BMN.logistic: Estimation of a binary Markov network using nodewise logistic...
In jingmafdu/TestBMN: Testing for binary Markov networks

Description Usage Arguments Details Value Author(s) References See Also Examples

View source: R/BMN.logistic.R

This function aims to estimate the partial correlation matrix associated with a binary Markov network using the nodewise logistic regression approach proposed by Ravikumar et al. (2010).

1	BMN.logistic(X, lambda, gamma = 0.25, bic = TRUE, verbose = FALSE, eps = 1e-08)
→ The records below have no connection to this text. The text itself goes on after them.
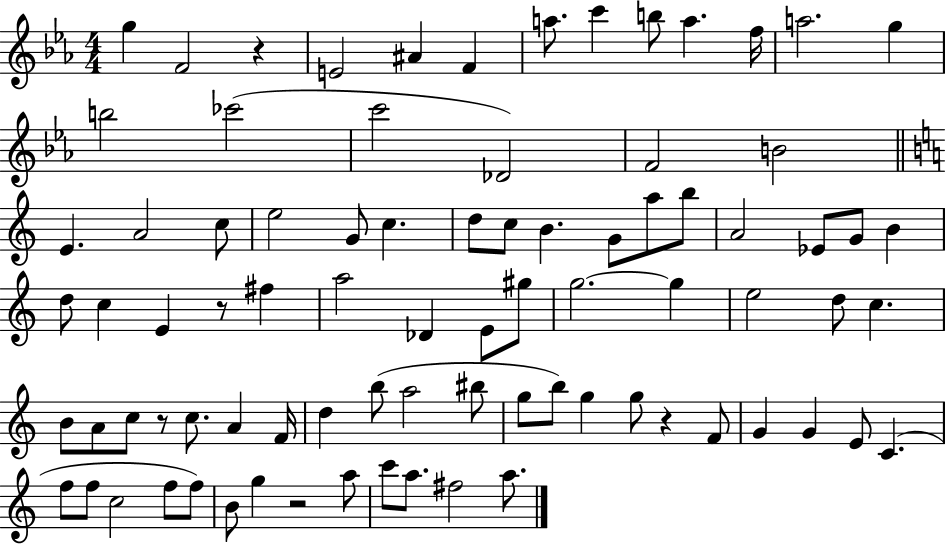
G5/q F4/h R/q E4/h A#4/q F4/q A5/e. C6/q B5/e A5/q. F5/s A5/h. G5/q B5/h CES6/h C6/h Db4/h F4/h B4/h E4/q. A4/h C5/e E5/h G4/e C5/q. D5/e C5/e B4/q. G4/e A5/e B5/e A4/h Eb4/e G4/e B4/q D5/e C5/q E4/q R/e F#5/q A5/h Db4/q E4/e G#5/e G5/h. G5/q E5/h D5/e C5/q. B4/e A4/e C5/e R/e C5/e. A4/q F4/s D5/q B5/e A5/h BIS5/e G5/e B5/e G5/q G5/e R/q F4/e G4/q G4/q E4/e C4/q. F5/e F5/e C5/h F5/e F5/e B4/e G5/q R/h A5/e C6/e A5/e. F#5/h A5/e. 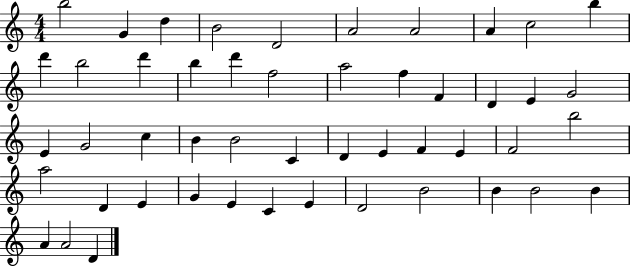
X:1
T:Untitled
M:4/4
L:1/4
K:C
b2 G d B2 D2 A2 A2 A c2 b d' b2 d' b d' f2 a2 f F D E G2 E G2 c B B2 C D E F E F2 b2 a2 D E G E C E D2 B2 B B2 B A A2 D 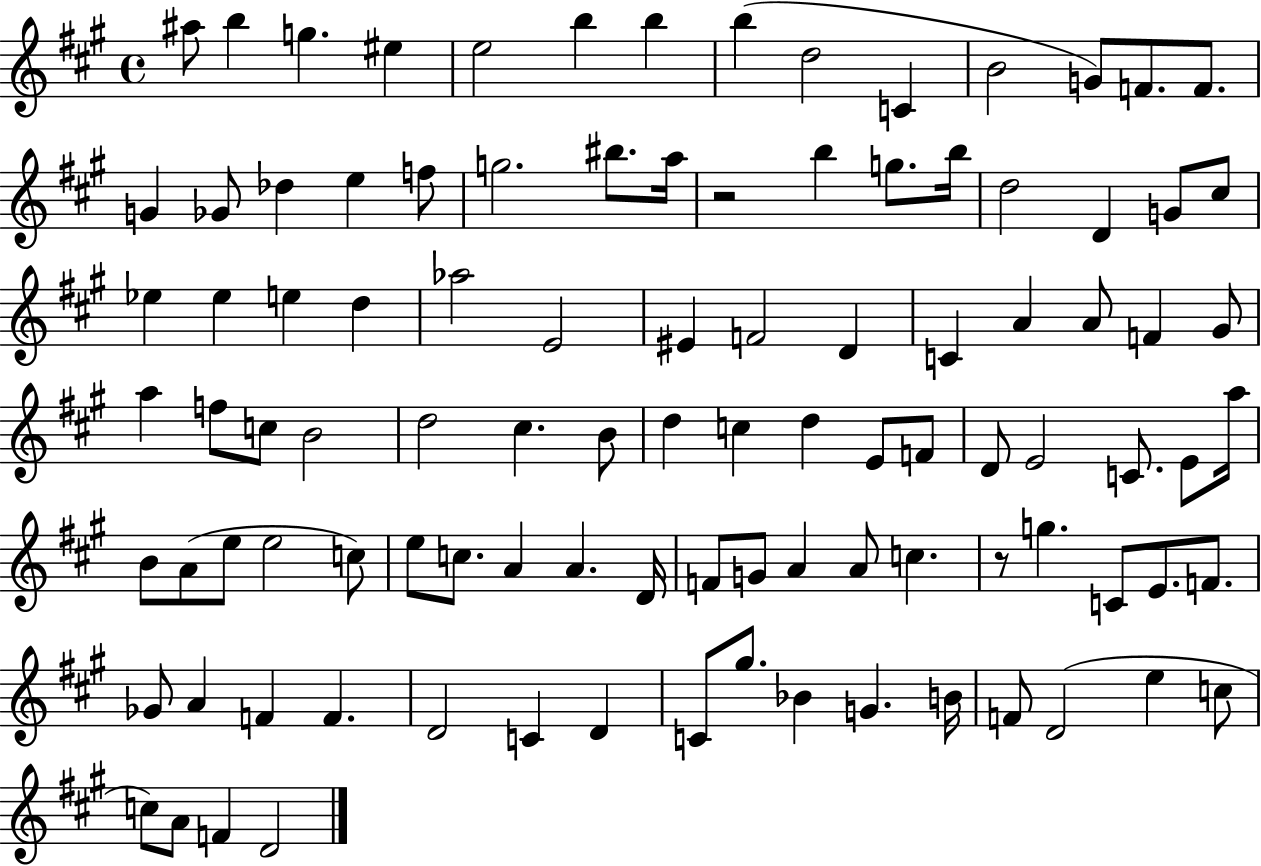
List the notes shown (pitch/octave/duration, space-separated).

A#5/e B5/q G5/q. EIS5/q E5/h B5/q B5/q B5/q D5/h C4/q B4/h G4/e F4/e. F4/e. G4/q Gb4/e Db5/q E5/q F5/e G5/h. BIS5/e. A5/s R/h B5/q G5/e. B5/s D5/h D4/q G4/e C#5/e Eb5/q Eb5/q E5/q D5/q Ab5/h E4/h EIS4/q F4/h D4/q C4/q A4/q A4/e F4/q G#4/e A5/q F5/e C5/e B4/h D5/h C#5/q. B4/e D5/q C5/q D5/q E4/e F4/e D4/e E4/h C4/e. E4/e A5/s B4/e A4/e E5/e E5/h C5/e E5/e C5/e. A4/q A4/q. D4/s F4/e G4/e A4/q A4/e C5/q. R/e G5/q. C4/e E4/e. F4/e. Gb4/e A4/q F4/q F4/q. D4/h C4/q D4/q C4/e G#5/e. Bb4/q G4/q. B4/s F4/e D4/h E5/q C5/e C5/e A4/e F4/q D4/h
`X`	The n x p data matrix.
`lambda`	A vector of tuning parameters. The length of `lambda` should be p.
`gamma`	A tuning parameter required in evaluating the extended version of Bayesian information criterion (EBIC), which can be any constant between 0 and 1. Default is 0.25. See ‘Details’.
`bic`	Whether to compute the EBIC. Default is TRUE.
`verbose`	Whether to print out intermediate iterations for every nodewise regression. Default is FALSE.
`eps`	Numeric scalar >=0, indicating the tolerance level for differentiating zero and non-zero edges: entries < `eps` will be set to 0.
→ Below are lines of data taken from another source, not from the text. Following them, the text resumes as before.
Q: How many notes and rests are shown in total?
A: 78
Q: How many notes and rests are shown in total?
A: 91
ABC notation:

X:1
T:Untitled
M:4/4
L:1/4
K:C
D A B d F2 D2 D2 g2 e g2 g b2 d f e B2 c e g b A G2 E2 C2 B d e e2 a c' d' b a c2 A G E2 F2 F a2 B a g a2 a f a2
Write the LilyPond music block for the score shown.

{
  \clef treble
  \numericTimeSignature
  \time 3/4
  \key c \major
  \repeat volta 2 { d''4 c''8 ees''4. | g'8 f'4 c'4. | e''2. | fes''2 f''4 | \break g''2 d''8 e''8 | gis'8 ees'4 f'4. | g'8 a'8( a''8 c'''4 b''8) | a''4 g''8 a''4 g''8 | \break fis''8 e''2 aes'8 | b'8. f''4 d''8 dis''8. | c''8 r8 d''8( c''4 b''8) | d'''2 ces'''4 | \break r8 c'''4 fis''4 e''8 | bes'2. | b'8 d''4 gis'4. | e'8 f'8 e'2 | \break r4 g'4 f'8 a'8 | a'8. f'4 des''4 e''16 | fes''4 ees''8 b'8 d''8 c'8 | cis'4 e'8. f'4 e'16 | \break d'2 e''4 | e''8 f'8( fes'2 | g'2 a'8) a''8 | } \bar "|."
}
The function BMN.logistic fits p \ell_1-regularized logistic regressions to the data X to recover the partial correlation matrix of the binary Markov network. Internally, the function glmnet is called for each node j=1,…,p using the j-th column of data X as the response and all remaining variables as the predictors to estimate the neighborhood of node j. The j-th component of lambda is used as the penalization parameter for the j-th logisitc regression. Finally, the results from p regressions are aggregated to obtain the symmetric partial correlation matrix.

Model selection for each of the p regressions in BMN.logistic is done by minimizing the EBIC (Barber and Darton, 2015), where the additional parameter gamma corresponds to some prior belif on the set of considered models. For details, please refer to Barber and Darton (2015) and Zak-Szatkowska and Bogdan (2011).
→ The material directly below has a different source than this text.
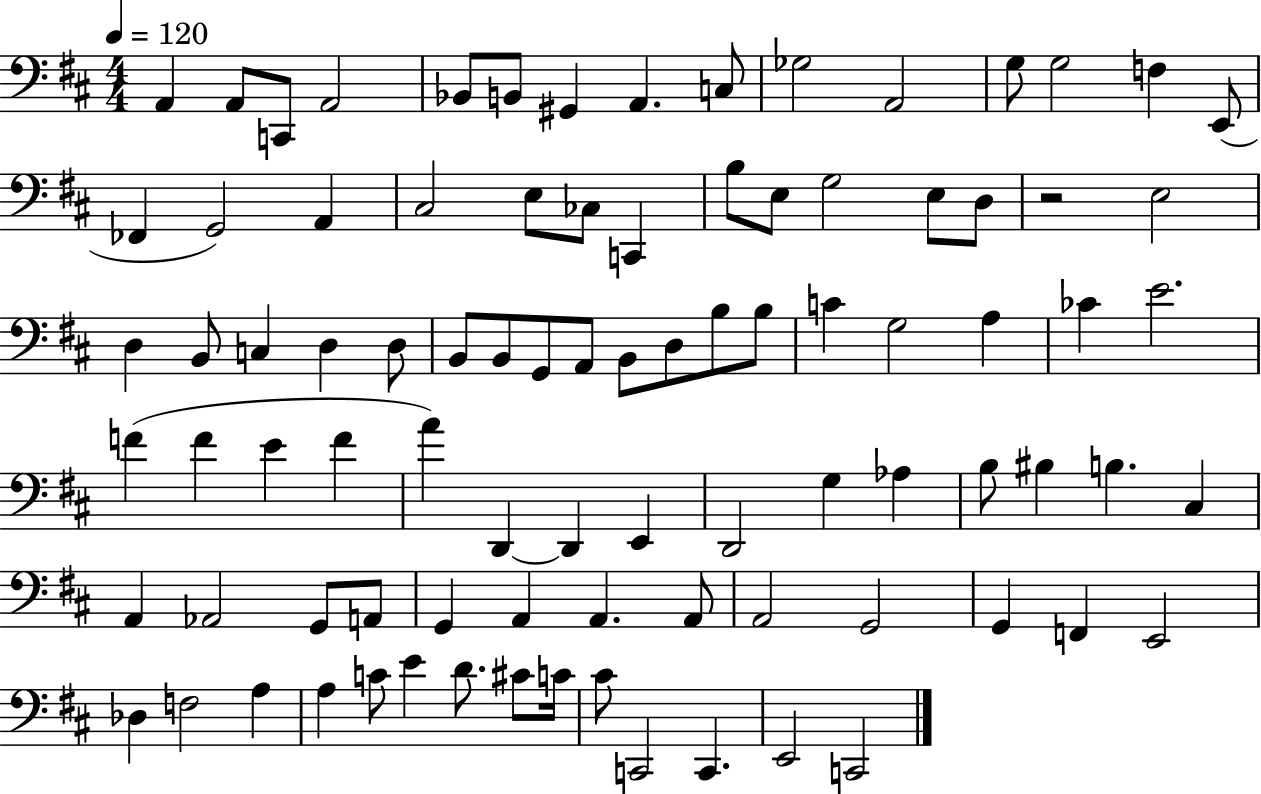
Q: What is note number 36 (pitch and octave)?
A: G2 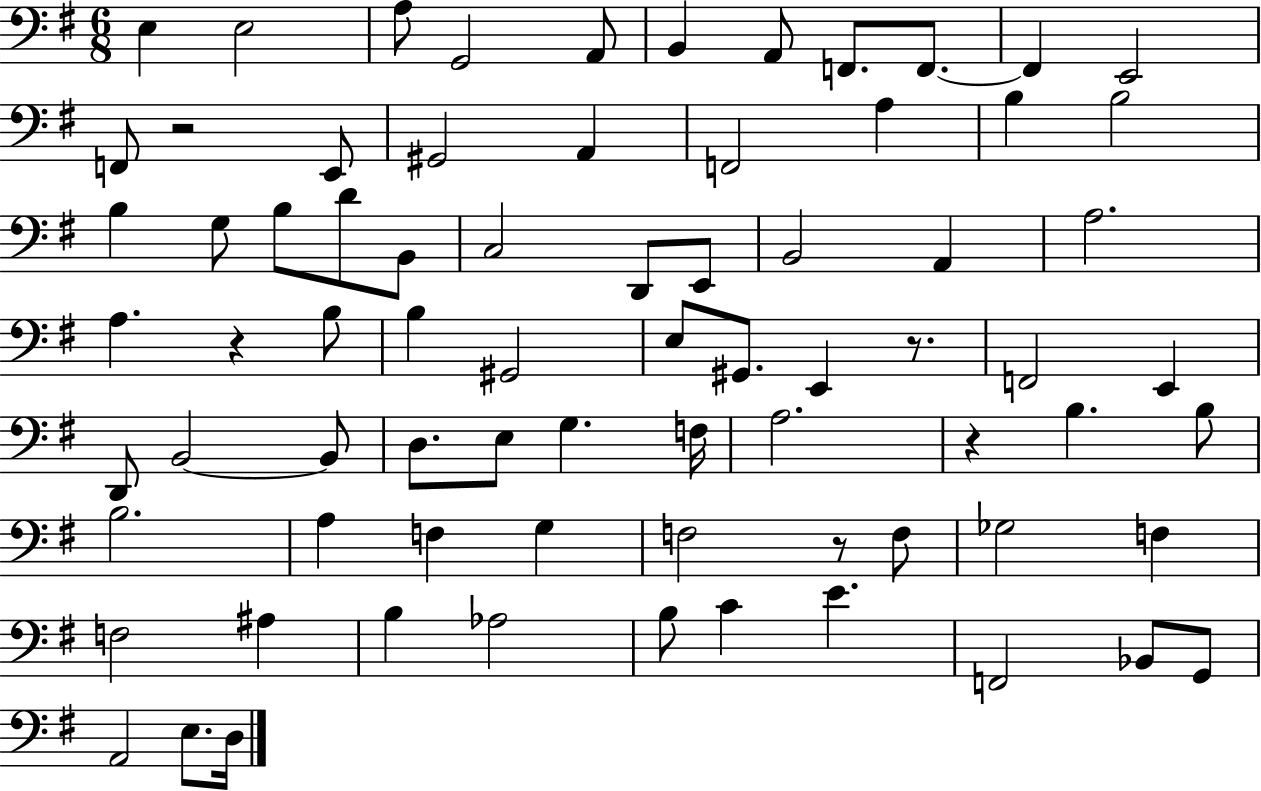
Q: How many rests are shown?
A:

`theta`	The partial correlation matrix (p x p) of the binary Markov network.
`adj`	The adjacency matrix (p x p) of the binary Markov network.
`EBIC`	The extended version of Bayesian information criterion (1 x p) for model selection.
`lambda`	The tuning parameter used (1 x p).

Jing Ma

Ravikumar, P., Wainwright, M. J., & Lafferty, J. D. (2010). High-dimensional Ising model selection using l1-regularized logistic regression. The Annals of Statistics, 38(3), 1287-1319.

Zak-Szatkowska, M., & Bogdan, M. (2011). Modified versions of the Bayesian information criterion for sparse generalized linear models. Computational Statistics & Data Analysis, 55(11), 2908-2924.

Barber, R. F., & Drton, M. (2015). High-dimensional Ising model selection with Bayesian information criteria. Electronic Journal of Statistics, 9(1), 567-607.

BMN::BMNPseudo, glmnet

library(glmnet)

set.seed(1)

p = 50    # number of variables
n = 100   # number of observations per replicate
n0 = 1000 # burn in tolerance
rho_high = 0.5  # signal strength 
rho_low = 0.1   # signal strength 
eps = 8/n       # tolerance for extreme proportioned observations
q = (p*(p - 1))/2

##---(1) Generate the network  
g_sf = sample_pa(p, directed=FALSE)
Amat = as.matrix(as_adjacency_matrix(g_sf, type="both"))

##---(2) Generate the Theta  
weights = matrix(0, p, p)
upperTriangle(weights) = runif(q, rho_low, rho_high) * (2*rbinom(q, 1, 0.5) - 1)
weights = weights + t(weights)
Theta = weights * Amat
dat = BMN.samples(Theta, n, n0, skip=1)
tmp = sapply(1:p, function(i) as.numeric(table(dat[,i]))[1]/n )
while(min(tmp)<eps || abs(1-max(tmp)<eps)){
  dat = BMN.samples(Theta, n, n0, skip=10)
  tmp = sapply(1:p, function(i) as.numeric(table(dat[,i]))[1]/n )
}

lambda = rep(0.1, p)
fit = BMN.logistic(dat, lambda)